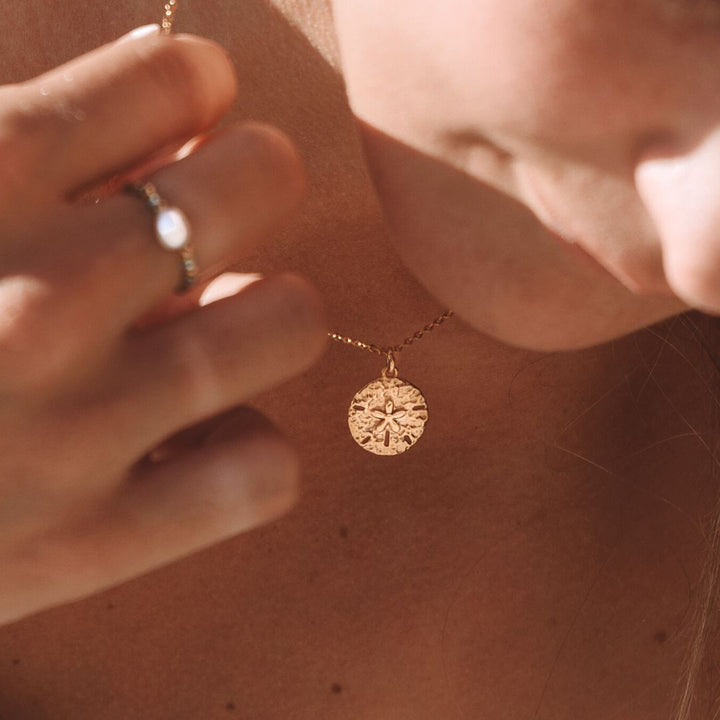 Necklace with Sand Dollar Pendant - Marisol-Silver-State of Style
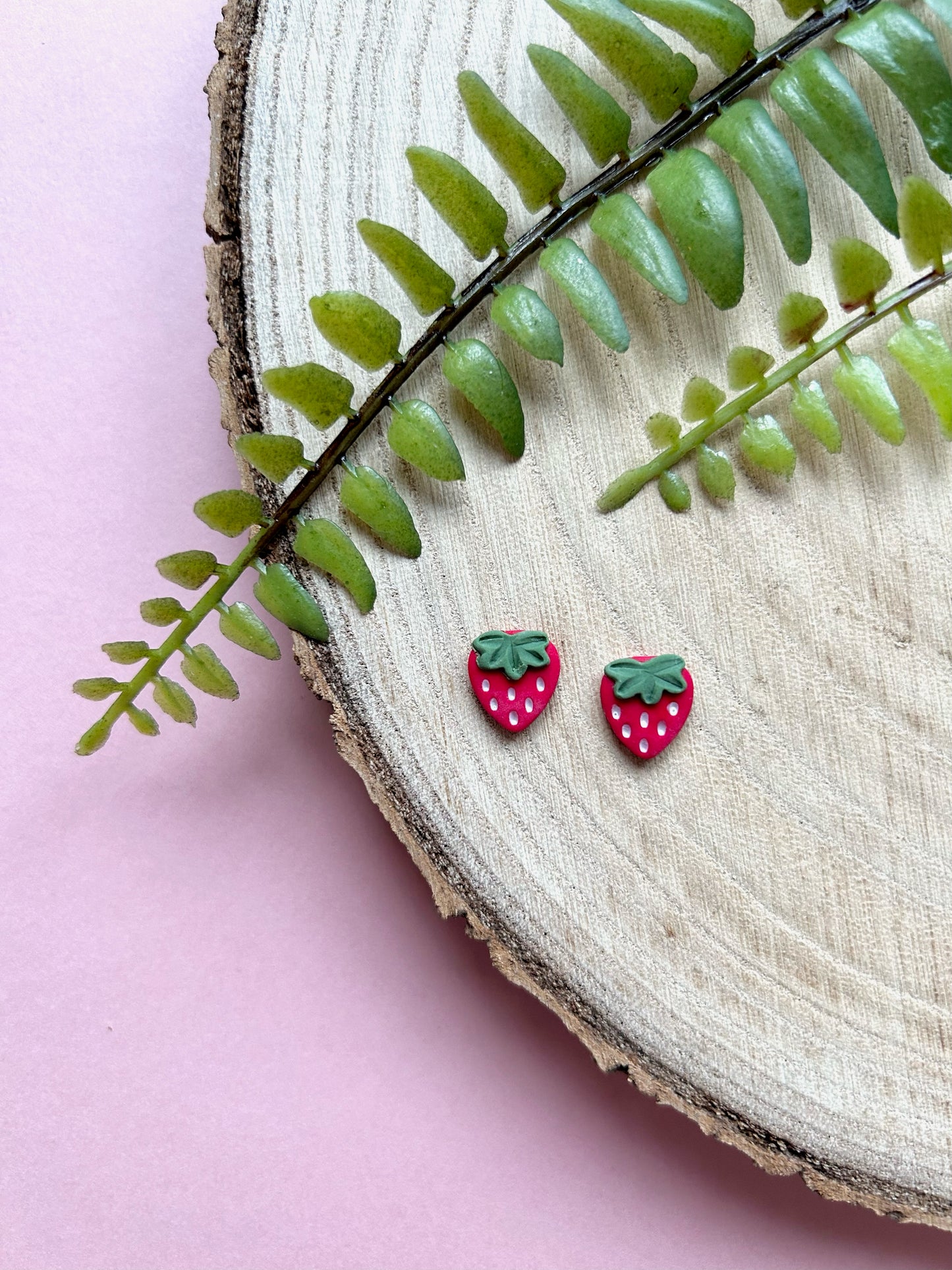 Strawberry Studs | Polymer Clay Earrings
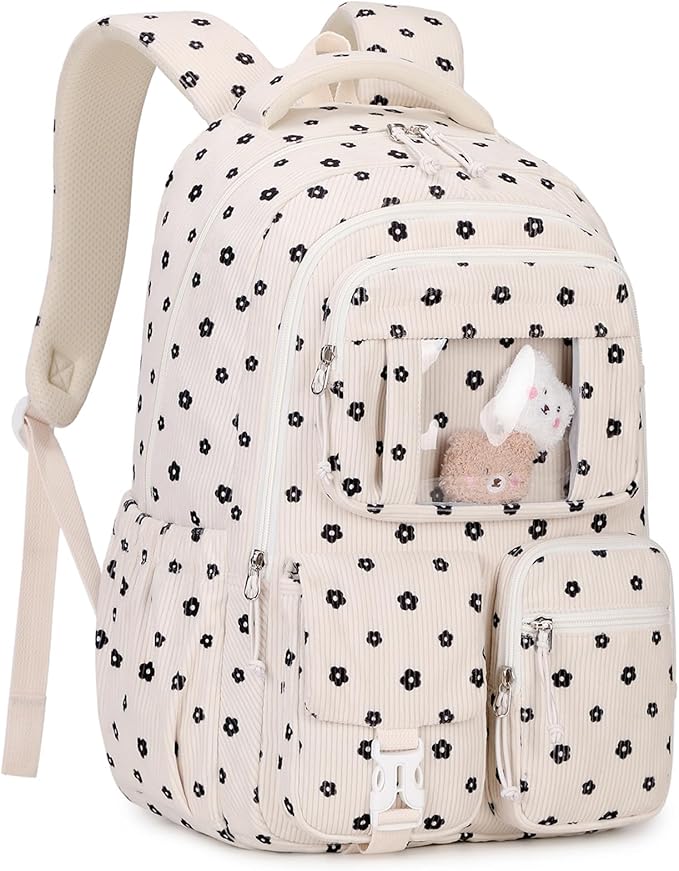 PIG PIG GIRL Corduroy Backpack Kids Backpack for Girls School Bags for Middle School Students Book Bag for Elementary Primary Kawaii Ita Backpack, Flower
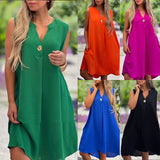 Summer V-neck Sleeveless Dress With Button Decoration Solid Color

* TASK DIRECTIONS *
Only the pictures are to be dropped; all other material above must be repeated exactly.

* RESPONSE AREA *
 Necklace with Sand Dollar Pendant - Marisol-Silver-State of Style
 Strawberry Studs | Polymer Clay Earrings
 PIG PIG GIRL Corduroy Backpack Kids Backpack for Girls School Bags for Middle School Students Book Bag for Elementary Primary Kawaii Ita Backpack, Flower
 Summer V-neck Sleeveless Dress With Button Decoration Solid Color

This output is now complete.